Rifampicin is a semi-synthetic antibiotic chemical and belongs to the Rifampicin group characterised by a long aliphetic bridge connecting two non-adjacent positions of an aromatic nucleus. Rifampicin is active in vitro against tubercle bacilli and a variety of gram-positive and gram-negative microorganisms. The sensitive organisms include Mycobacterium tuberculosis, Mycobacterium leprae and Neisseria meningitidis. No cross resistance has been shown between rifampicin and other anti-tuberculosis drugs. In adults an oral dose of 450-600 mg rifampicin produces therapeutically effective levels in the blood with the peak being observed approximately 2 hours after administration. After absorption, rifampicin is rapidly eliminated in the bile, and an enterohepatic circulation ensues.
Rifampicin is a semisynthetic antibiotic derived from Rifamycin. The antibiotic affects mainly gram-positive bacteria.
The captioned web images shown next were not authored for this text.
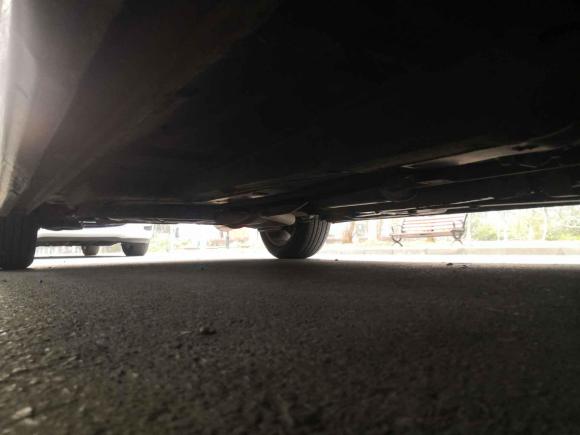 [无锡·苏B] 二手菲亚特致悦2014款 1.4T 自动舒适版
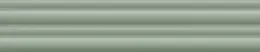 керамическая плитка HARMONY RAINBOW GREEN 5х25 Q-68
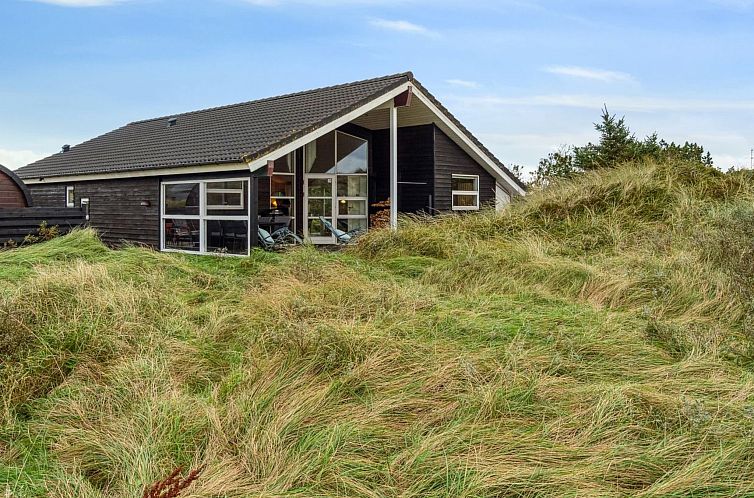 Guest house 0142207 - Holiday property North Jutland - Vakantiehuis "Bruni" - 400m from the sea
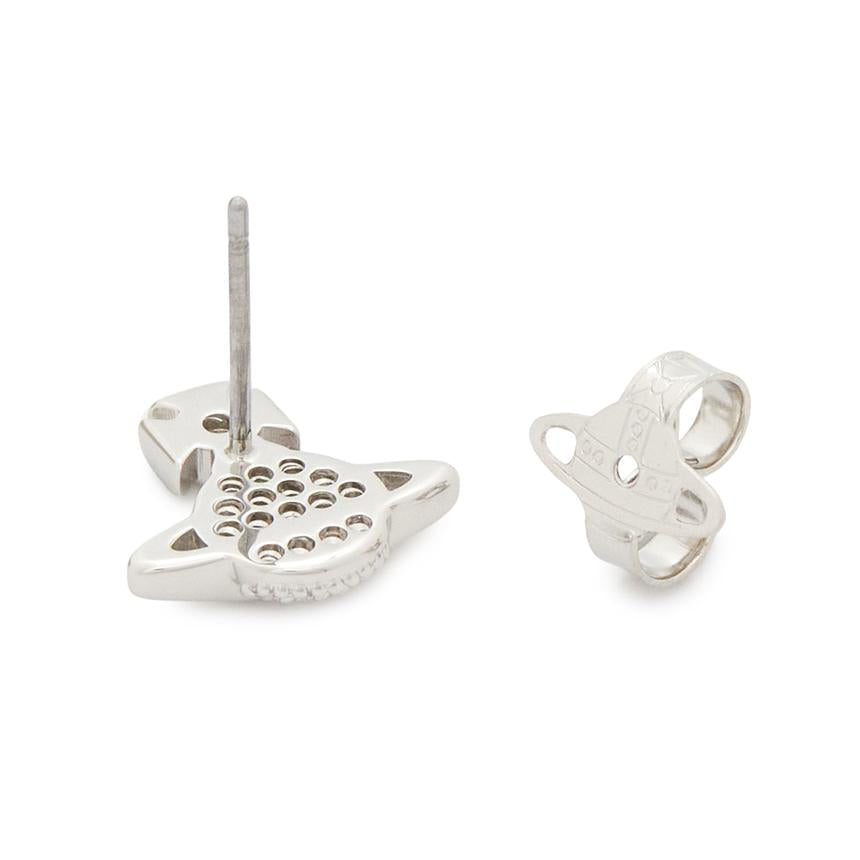 Vivienne Westwood Tamiya Women’s Earrings 62010036 02P102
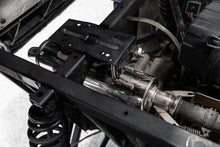 画像をギャラリービューアに読み込む, MBRP 2010 Ranger 500EFI / 10-17 Polaris Ranger 800 Slip-On Performance Series Exhaust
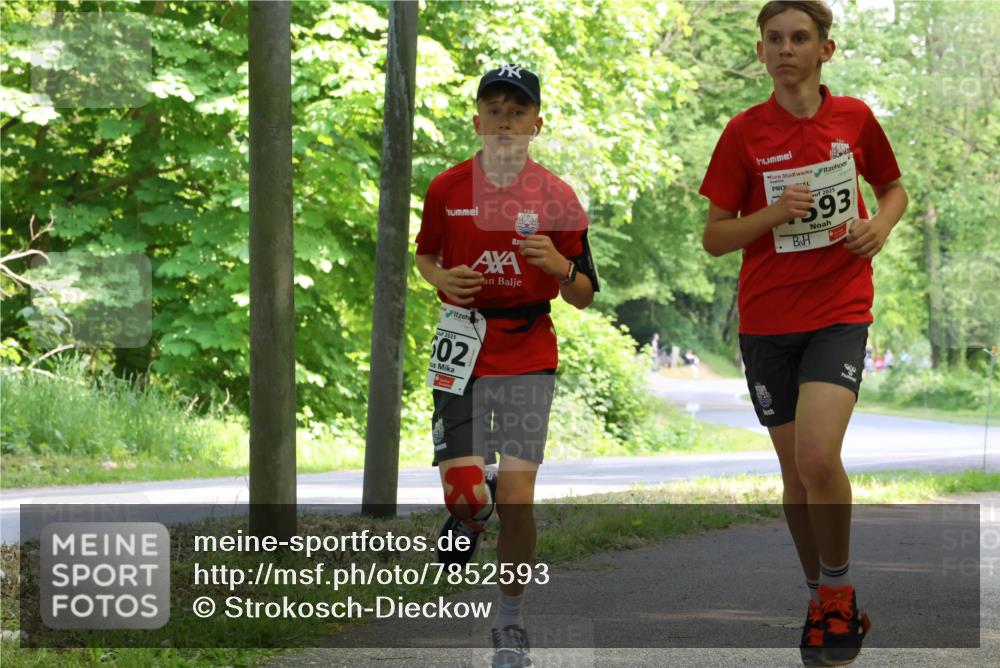 17.05.2025 - Störlauf Strokosch-Dieckow http://msf.ph/oto/7852593 17.05.2025 14:39:56 Laufen 2025, 502, 2025, 93 meine-sportfotos.de
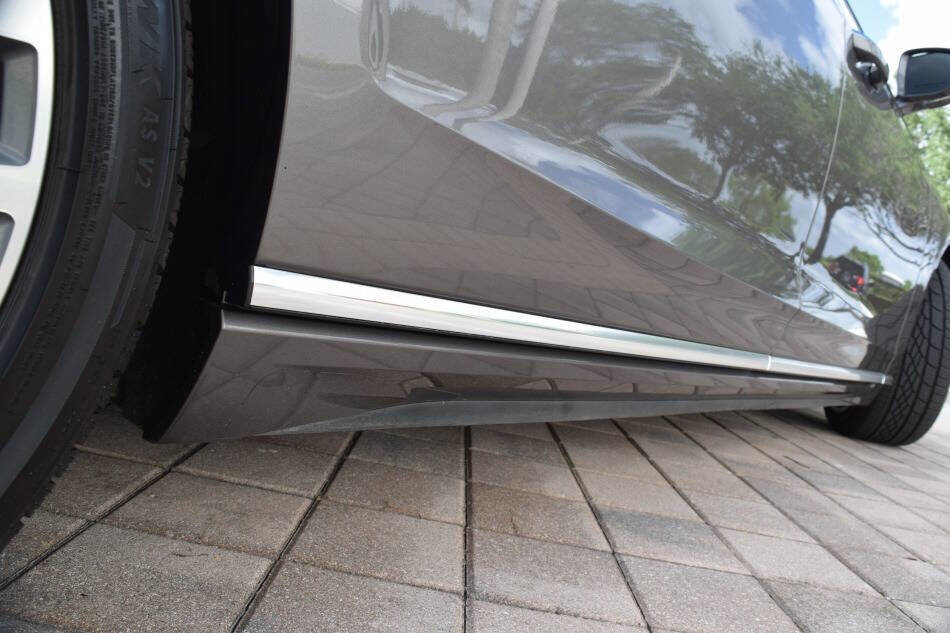 Used 2019 Audi A8 L 3.0T image 31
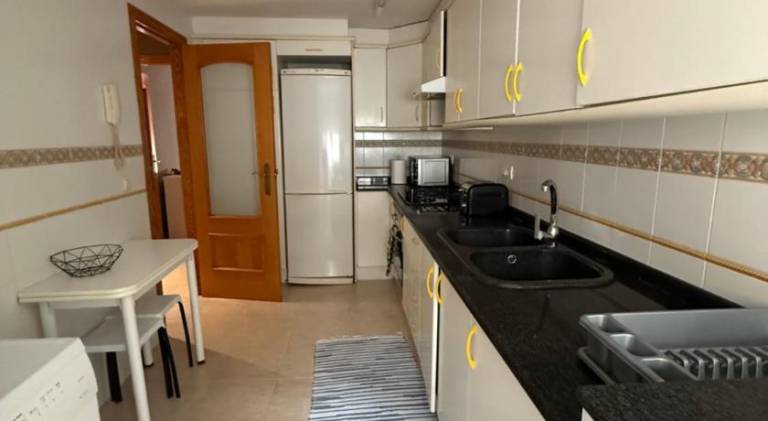 Holiday apartment with 3 rooms for 6 persons — photo 4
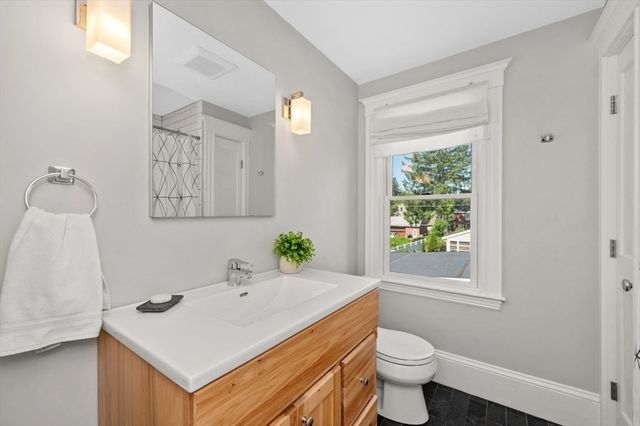 46 Jerome Ave, Newton, MA 02465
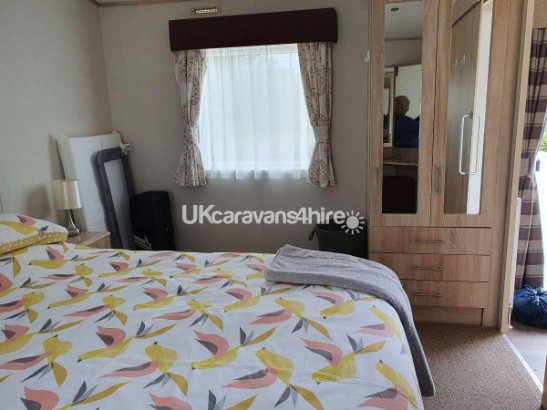 Newquay Holiday Park, Ref 11876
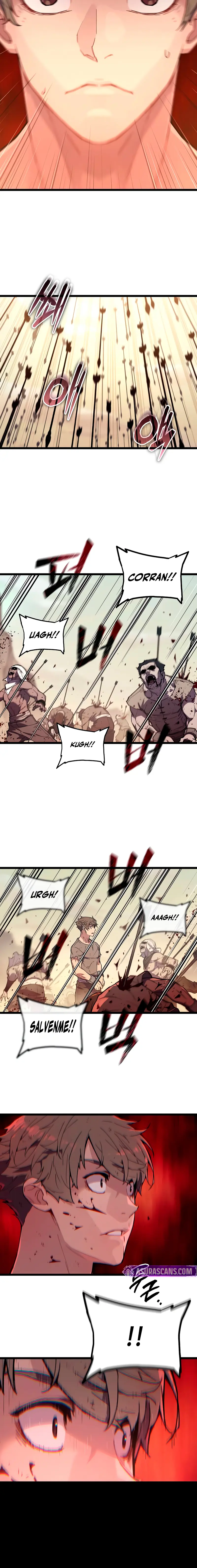 Empiezo con 13 Rasgos Ocultos > Capitulo 1 > Page 481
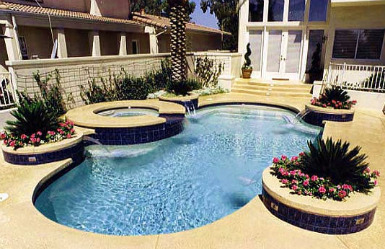 Inground Pool Cost - Pool Design Ideas Pictures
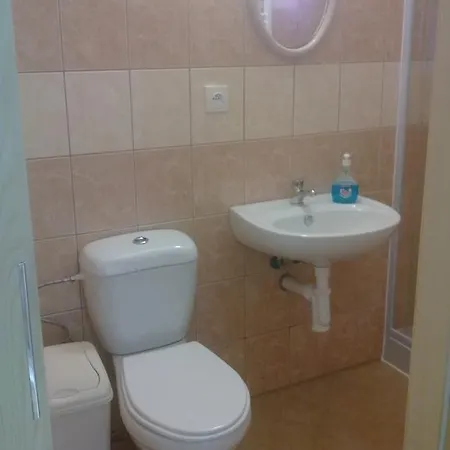 Becov Pensjonat 3*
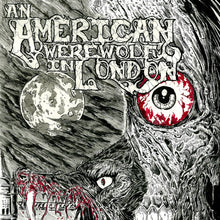 Jamil Abdullah - An American Werewolf in London - Kultmarket
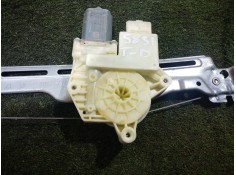 Recambio de elevalunas trasero derecho para peugeot 308 ii (lb_, lp_, lw_, lh_, l3_) 1.2 thp 130 referencia OEM IAM    2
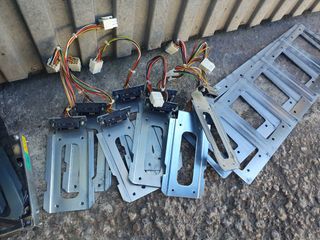 Dispensador De Monedas Coin Hopper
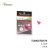 Разборной груз Intech Tungsten 74 Gloss Pink UV 1.5g (3шт)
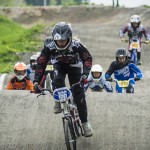 BMX Tävling Uppsala 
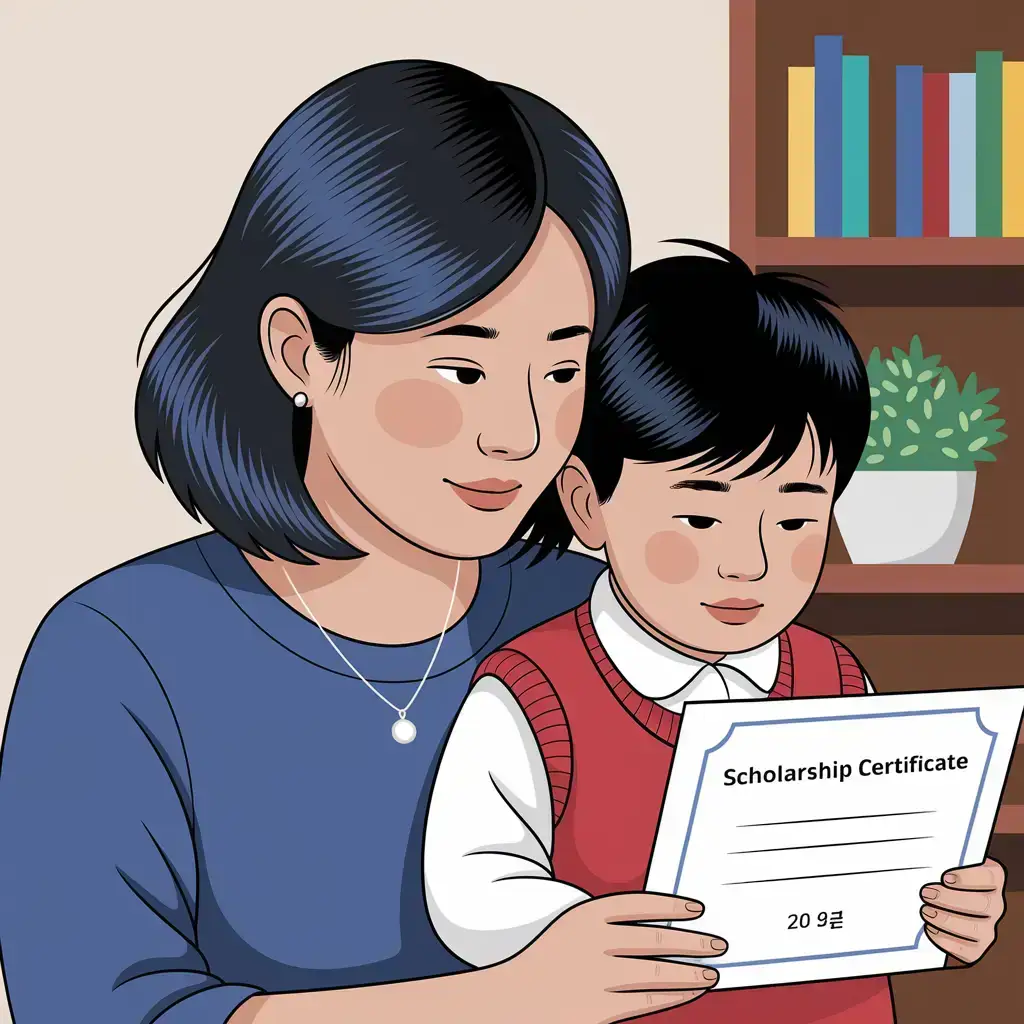 2025 유아학비 지원 학부모 청구 ART 청구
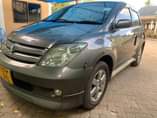 A picture of Toyota ist 14 000 000 0659151166
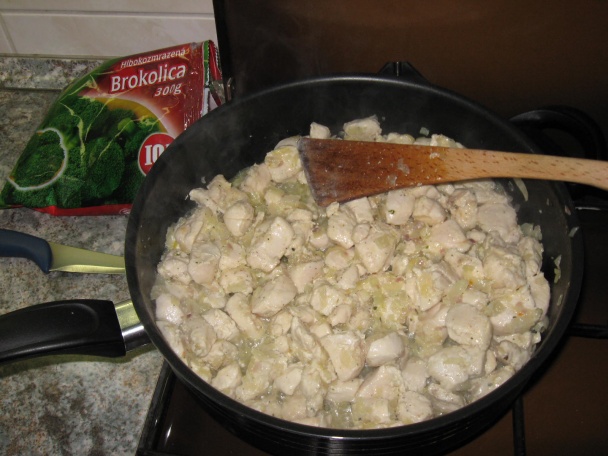 Ach tie prsia (fotorecept) - obrázok 3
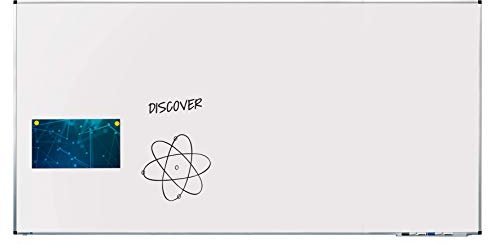 Legamaster Whiteboard PREMIUM 100 x 200 cm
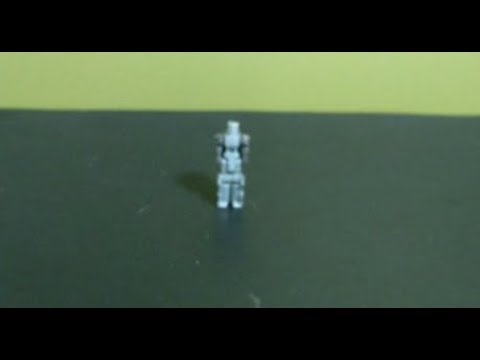 Transformers the last Knight Cogman   Review #103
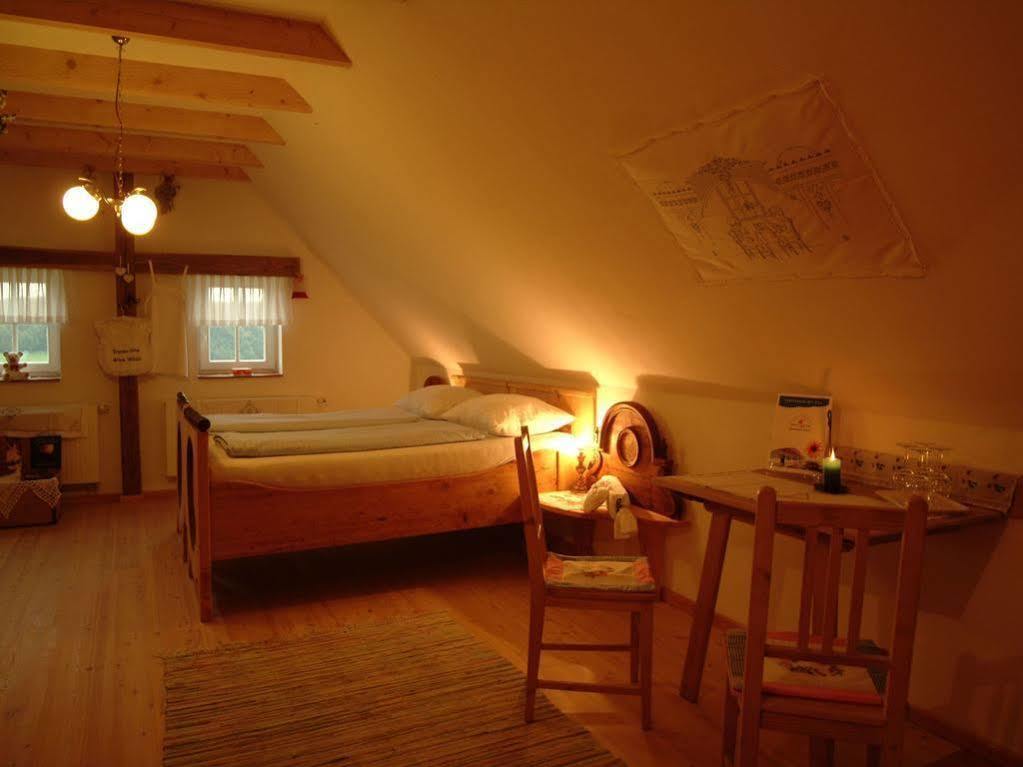דירות פלדבאך Sonnenhaus Grandl מראה חיצוני תמונה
Gram-negative bacteria are much less sensitive to Rifampicin. Gram-negative bacteria possess an outer membrane that is probably too great a barrier for the transport of Rifampicin into the cell. Rifampicin's bactericidal effect is caused by the inhibition of RNA synthesis in bacteria. The antibiotic interacts with RNA polymerase, thus inhibiting the synthesis for long RNA strands. Rifampicin's binding site lies on the beta-subunit of the enzyme. The antibiotic, however, does not bind to the isolated subunit but only to the complete holo-enzyme. Rifampicin does not interact with eukaryotic RNA polymerases. It is, however, active against RNA polymerases present in chloroplasts and mitochondria. This makes Rifampicin a toxic agent for plant and mammal cells. Resistance to Rifampicin can be built up rapidly and is based on a change in the bacterial RNA polymerases. In plant cell tissue cultures Rifampicin is used together with Trimethoprim. This combination, however, is toxic for most plant cells and resistance to it is developed rapidly. In view of this a Cefotaxime and Vancomycin combination is more suitable for the desired purpose. This combination has a stronger bacterial effect, induces resistance very slowly and has a broader spectrum of activity.
Rifampicin has assumed importance because of its superior in vivo activity against mycobacterial tuberculosis, making it very effective in the treatment of this dreaded disease. Significantly it is also active against a large number of gram positive and gram negative microorganism. The drug has also been used in the treatment of leprosy, with encouraging results, particularly in cases where there is growing resistance to Dapsone, another drug.
Rifampicin and isoniazid are active bactericidal anti-tuberculosis drugs. Rifampicin and isoniazid are particularly active against the rapidly growing extracellular organisms. Rifampicin and isoniazid also have bactericidal activity intracellularly.